■ WORK TASK: Word for word, retype the lines from the one containing "Radiological Atlas of" to the one containing "Immunohistochemistry Image 19: FoxA1/HNF3α" below, keeping both end lines and dropping the pictures.

■ SOURCE RECORDS:
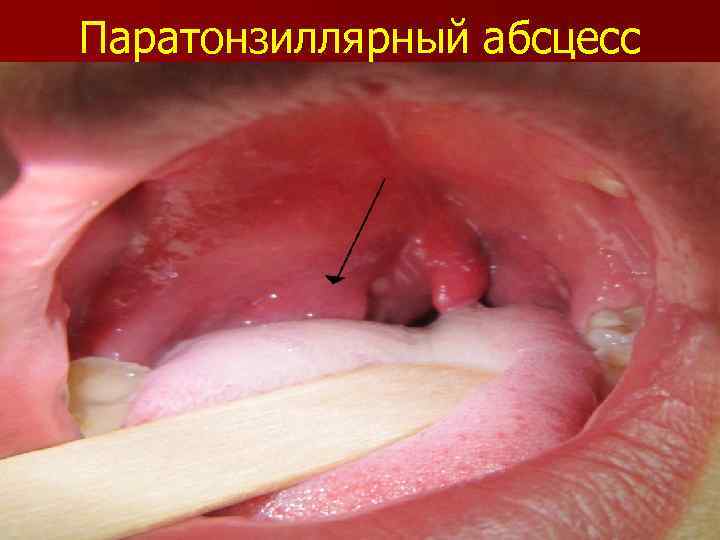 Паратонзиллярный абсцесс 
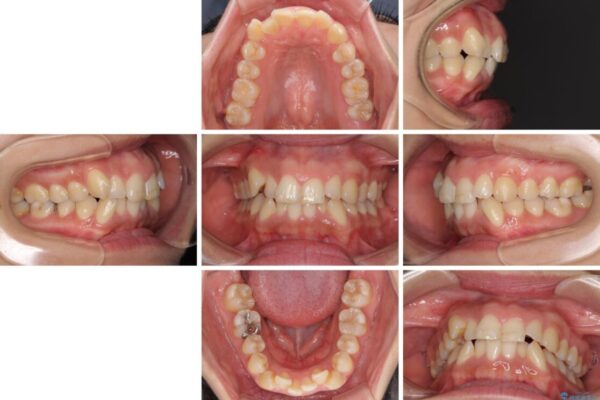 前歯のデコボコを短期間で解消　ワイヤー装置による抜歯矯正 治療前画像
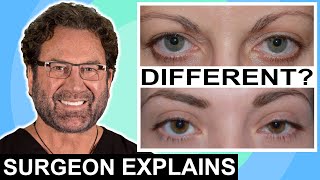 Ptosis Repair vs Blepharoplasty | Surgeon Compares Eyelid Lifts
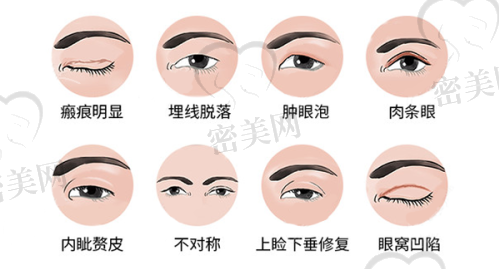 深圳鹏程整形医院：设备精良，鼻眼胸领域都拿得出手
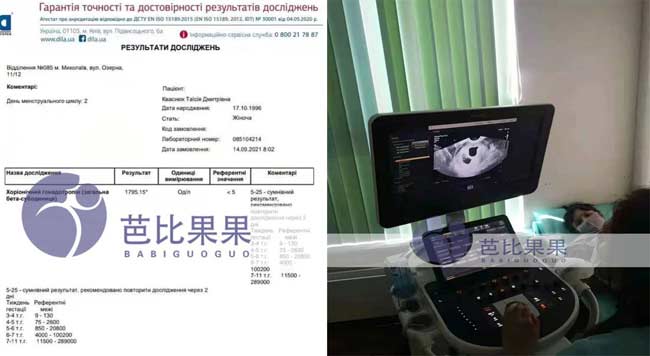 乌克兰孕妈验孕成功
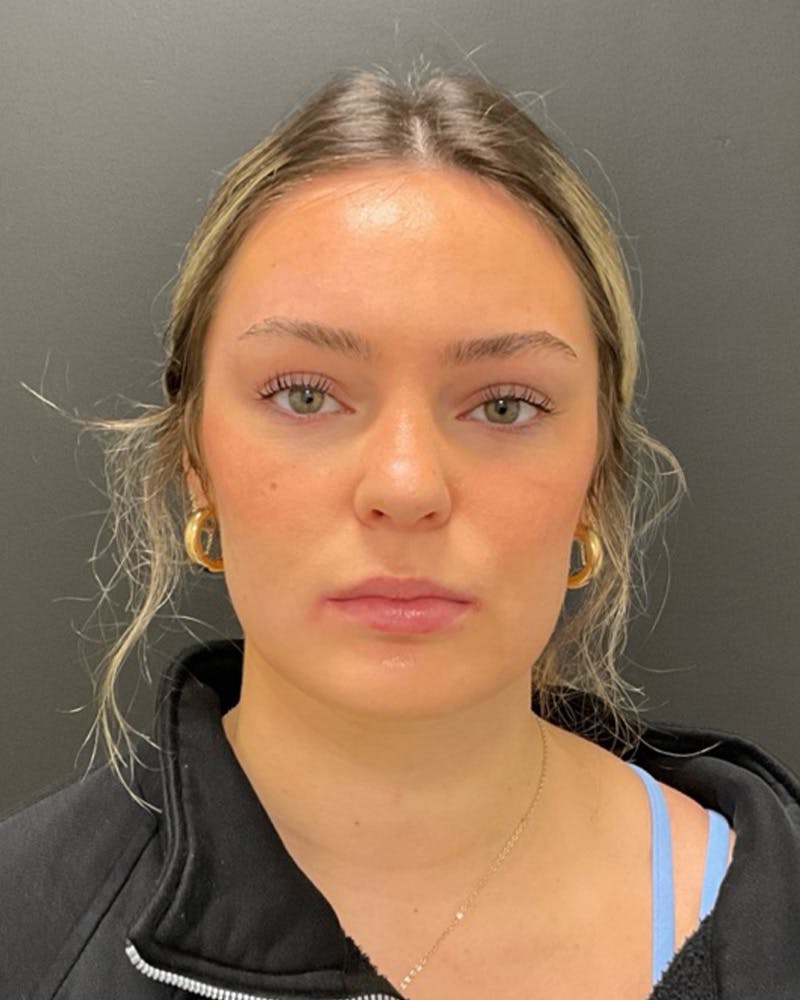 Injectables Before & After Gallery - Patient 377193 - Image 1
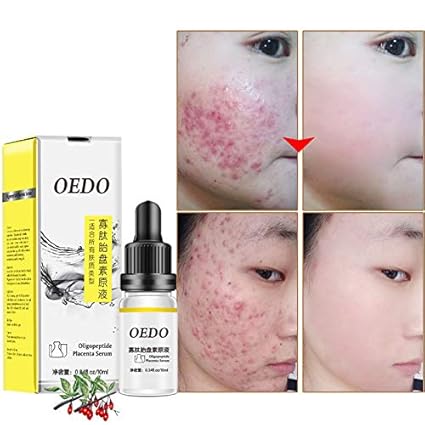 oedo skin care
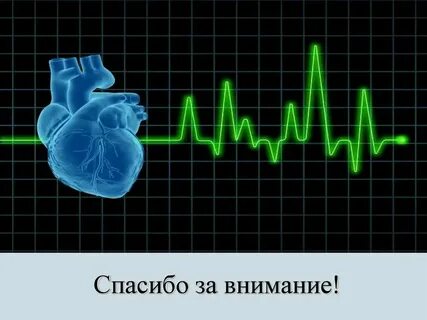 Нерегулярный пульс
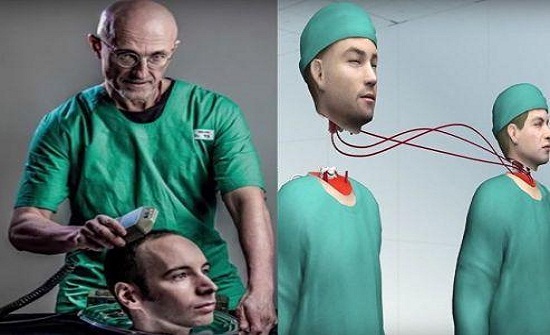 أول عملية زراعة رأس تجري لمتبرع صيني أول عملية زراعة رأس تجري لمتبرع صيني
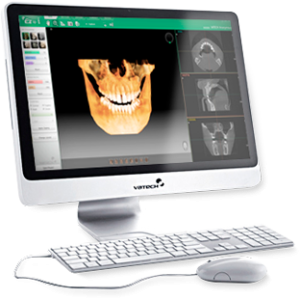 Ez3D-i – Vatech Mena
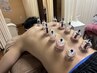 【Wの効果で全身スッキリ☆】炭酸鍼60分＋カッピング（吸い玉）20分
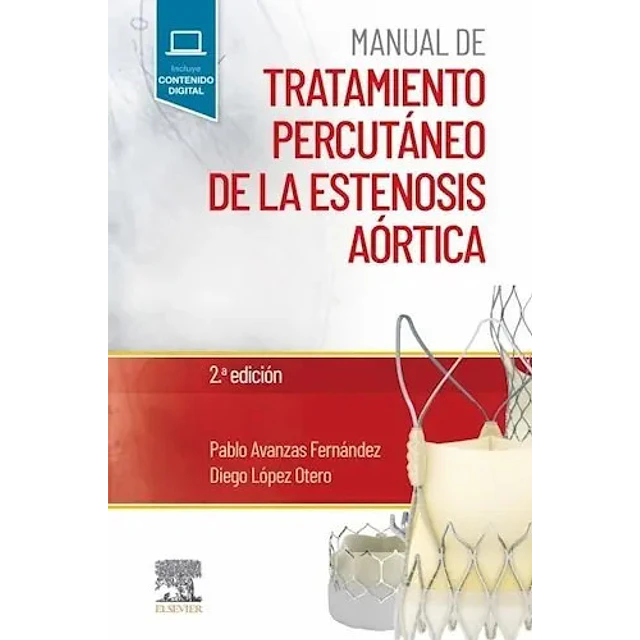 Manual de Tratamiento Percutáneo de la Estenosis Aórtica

--

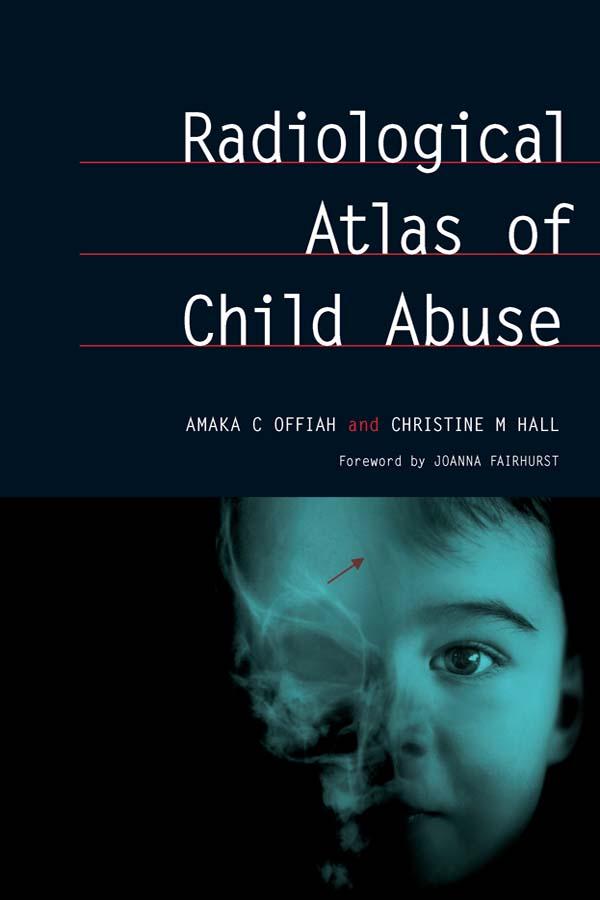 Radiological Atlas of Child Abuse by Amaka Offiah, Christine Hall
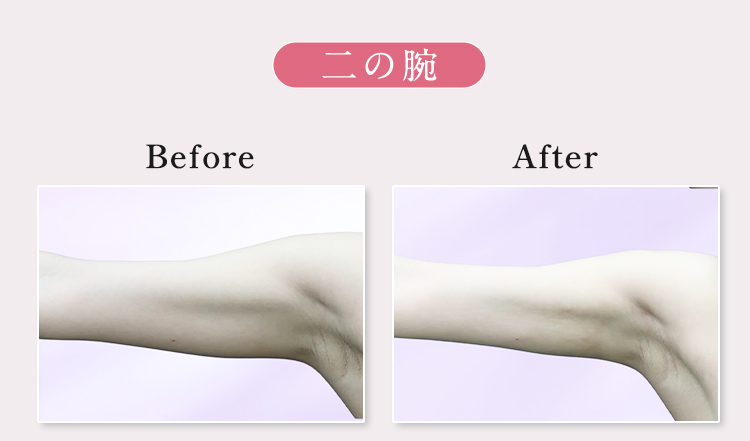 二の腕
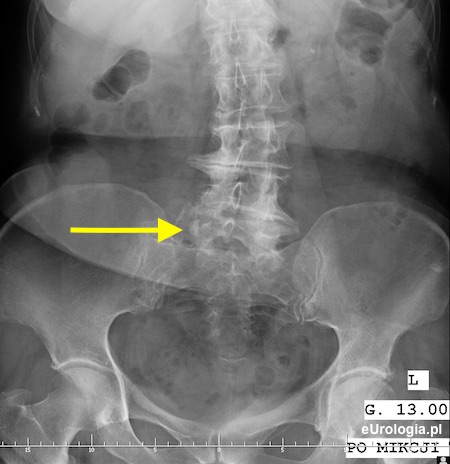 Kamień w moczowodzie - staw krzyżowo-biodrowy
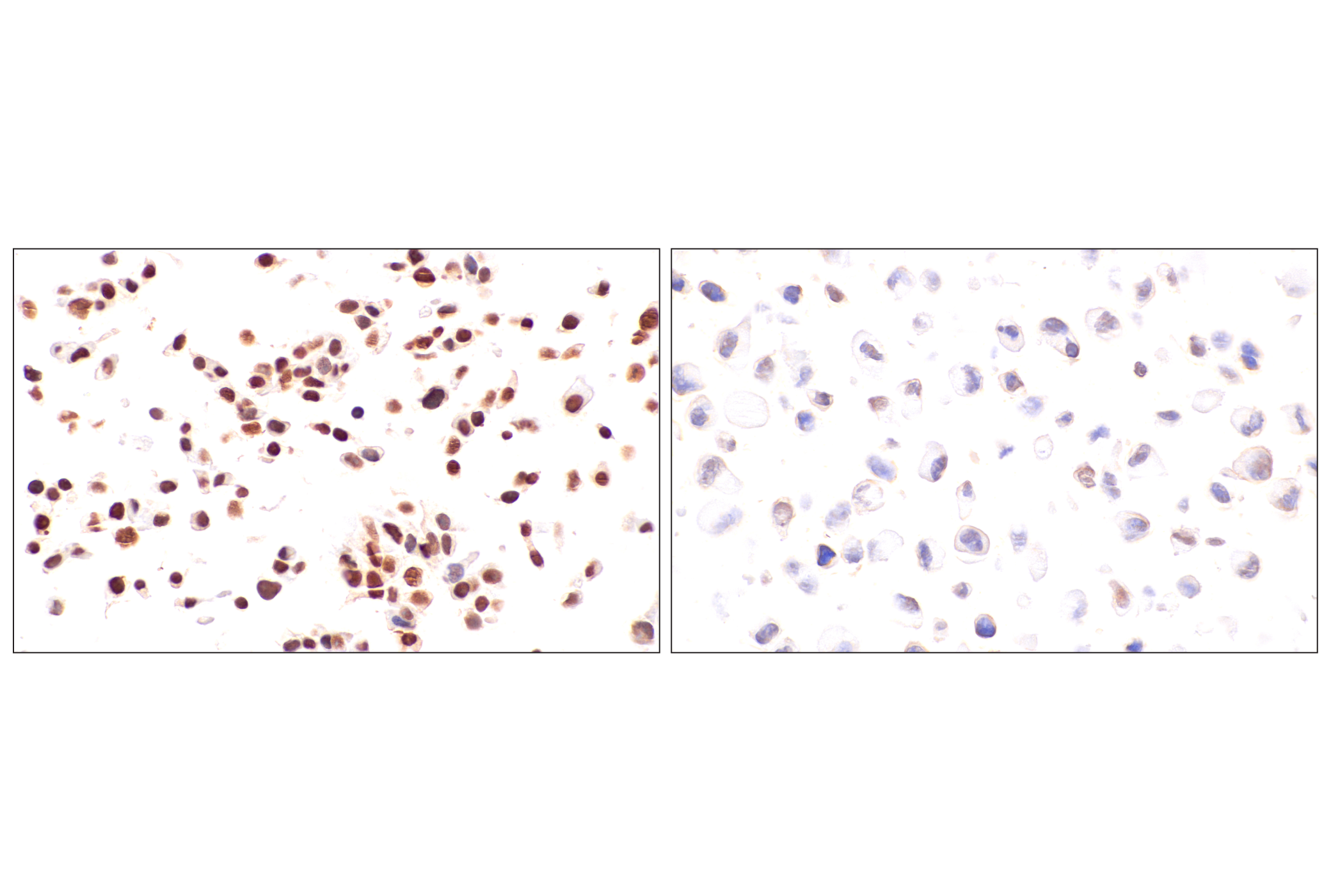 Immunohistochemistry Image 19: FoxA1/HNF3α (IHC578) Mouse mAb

---

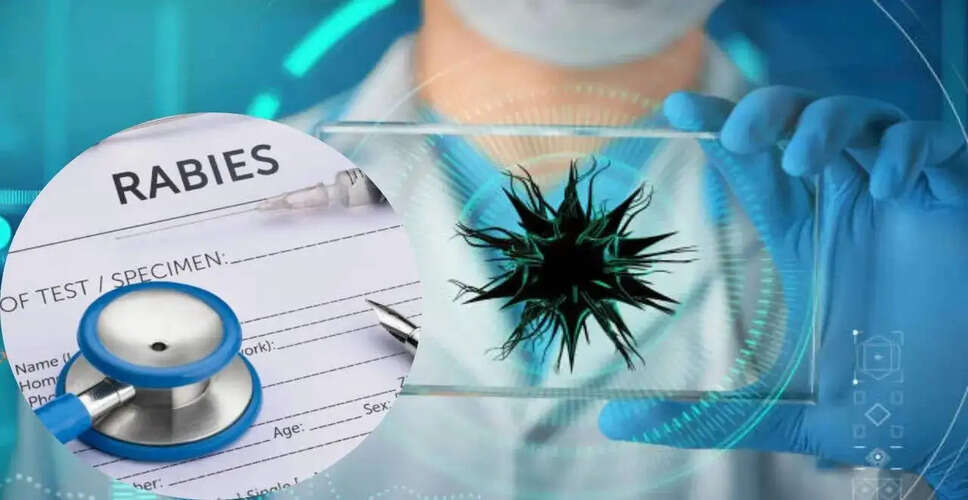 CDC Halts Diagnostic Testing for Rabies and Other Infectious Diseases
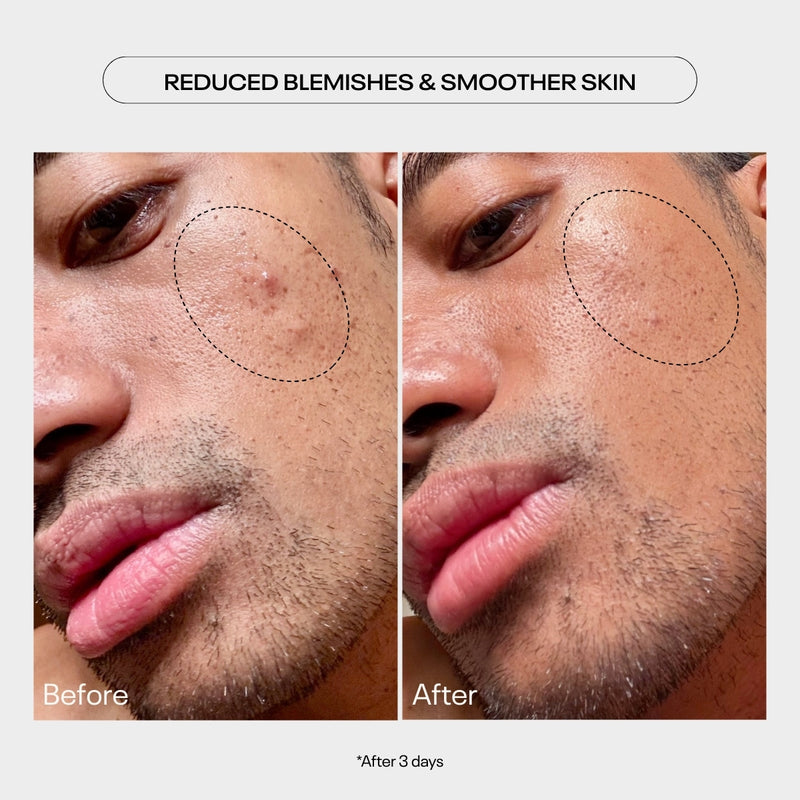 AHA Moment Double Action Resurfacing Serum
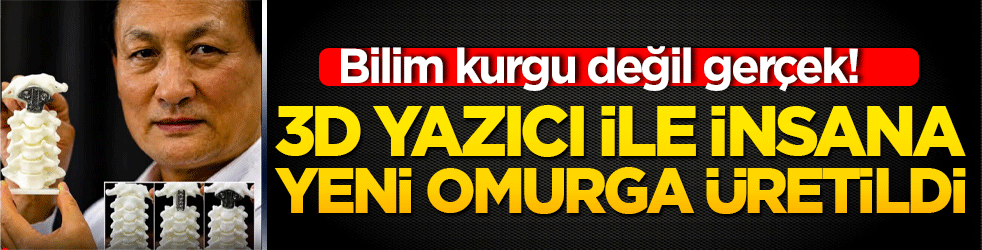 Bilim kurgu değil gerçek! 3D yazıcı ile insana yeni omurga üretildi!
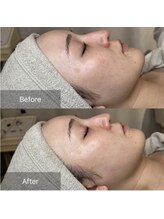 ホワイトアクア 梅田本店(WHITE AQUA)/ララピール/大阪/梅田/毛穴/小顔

■ REPLY:
 Radiological Atlas of Child Abuse by Amaka Offiah, Christine Hall
 二の腕
 Kamień w moczowodzie - staw krzyżowo-biodrowy
 Immunohistochemistry Image 19: FoxA1/HNF3α (IHC578) Mouse mAb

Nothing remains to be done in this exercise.